YOUNGSTOWN - A model for tracking America's true joblessness puts the nation's figure at 30.5 percent in August, not the official 9.6 percent, a Youngstown State University labor analyst said Friday.
The YSU report shows the need not only for more government stimulus spending but also for a national industrial policy that includes tariffs and incentives to encourage business research and development, said John Russo, co-director of YSU's Center for Working-Class Studies.
Russo urged "a lot more money" for job training and greater investment to repair aging roads, bridges and other infrastructure, along with a program to encourage companies to hire and keep their business in the U.S.
Tariffs and duties on foreign goods are needed to "level the playing field in terms of trade policy," Russo said. "We have to get our trade policy in order. We need fair trade instead of free trade."
He brushed aside the threat of a possible trade war in which other countries might retaliate by slapping tariffs on American goods.
"There might be (a trade war), but we don't have free trade right now. What are we arguing about as we lose all of our industries and manufacturing?" he said.
He cited a Bureau of Labor Statistics report that showed the Warren-Youngstown-Boardman area lost about 22,000 nonfarm jobs from January 2008 through August 2010, falling to 216,800.
The Working-Class Studies jobless report's jobless percentage is much higher than the official government tally because it includes marginally attached workers - people who have worked or looked for work in the last 12 months but not in the four weeks prior to the survey - along with discouraged workers who have looked for work in the 12 months before the survey. Neither group is counted in the labor force.

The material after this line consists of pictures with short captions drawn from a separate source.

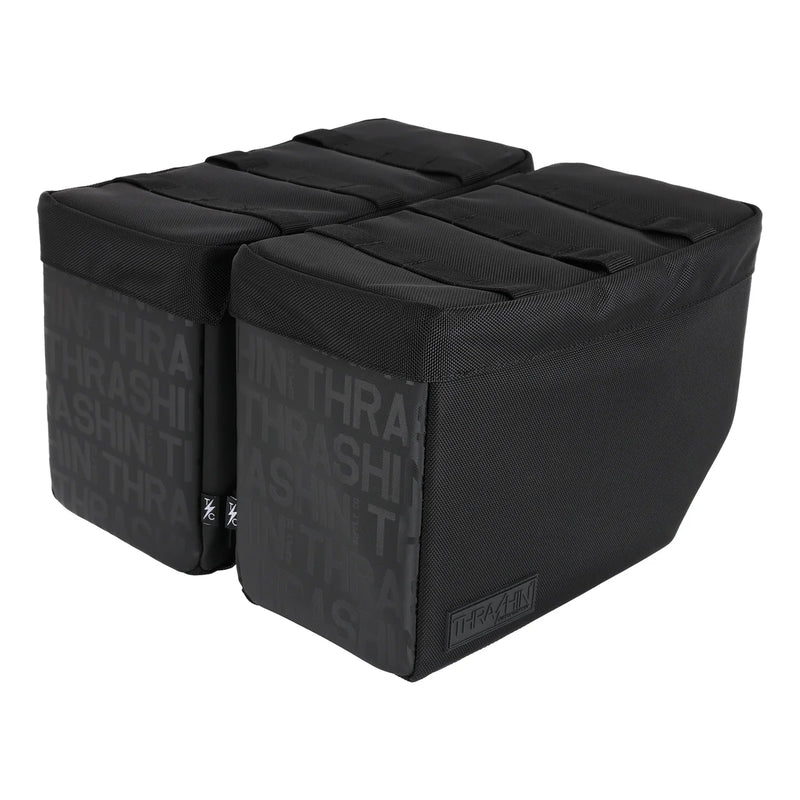 Thrashin Supply Escape Base 18L heitettävät moottoripyörän satulalaukut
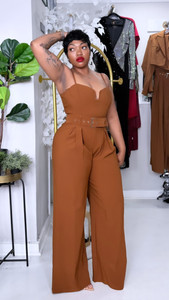 Model wearing size medium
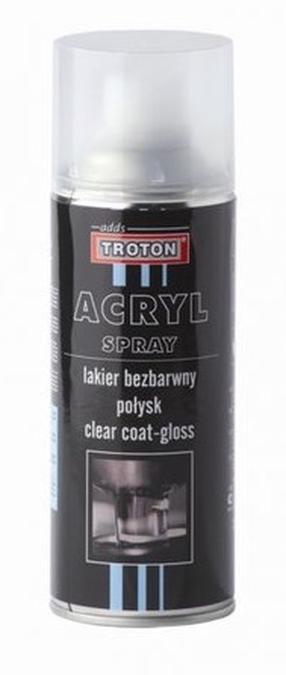Universalus, skaidrus lakas Inter-Troton, 400 ml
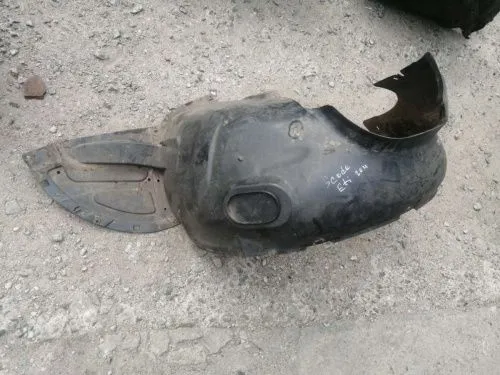 Защита крыла (подкрылок) передний левый Skoda Fabia 2010-2014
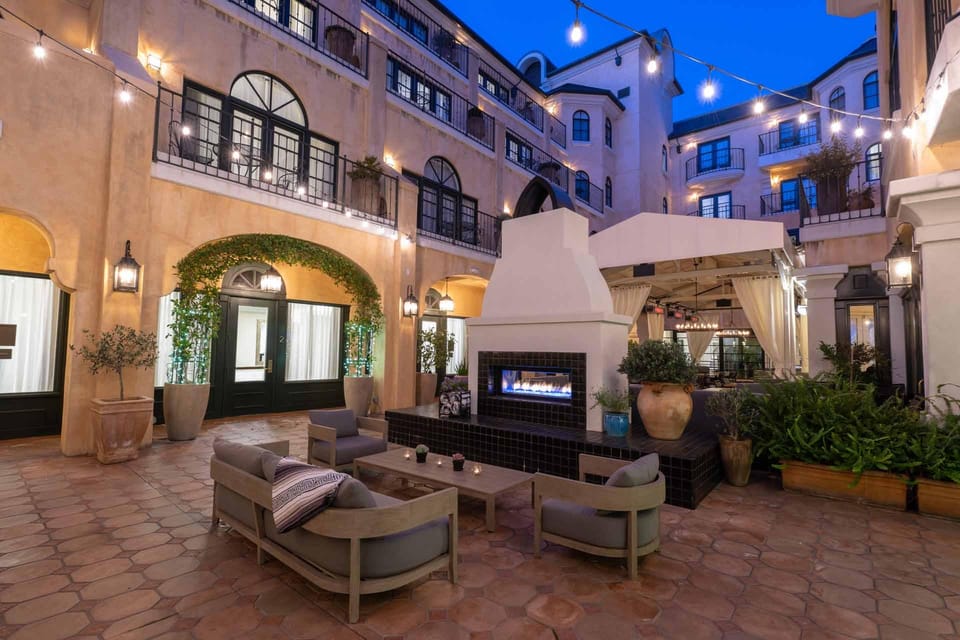 el PRADO Hotel in Menlo Park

The YSU study also includes the underemployed - people who aren't able to get full-time jobs due to the economy; people on sick leave or early retirement; recipients of government aid, such as a low-wage worker getting Earned Income Tax Credits, or prison and jail populations.
Russo noted a recent development in which large numbers of workers have unexpectedly filed for Social Security before they have reached early retirement because they've given up looking for work and so aren't counted in the unemployment rate.
The 30.5 percent jobless rate may actually be low because it doesn't include would-be workers who choose to return to school after they can't find a job, Russo said.
He noted it's also hard to define prison populations or what constitutes a standing military. He said for the study, the total number of service men and inmates represents people not in the labor market.
The Working-Class Studies jobs report showed a 20.01 percent unemployment rate in December 2007, which is judged to be the start of the deepest recession in 70 years. The study peaked at 31.2 percent in December 2009.
Excluding the military and prison populations, the study's jobless rate was 26.9 percent for August versus a peak of 28.35 percent in December 2009.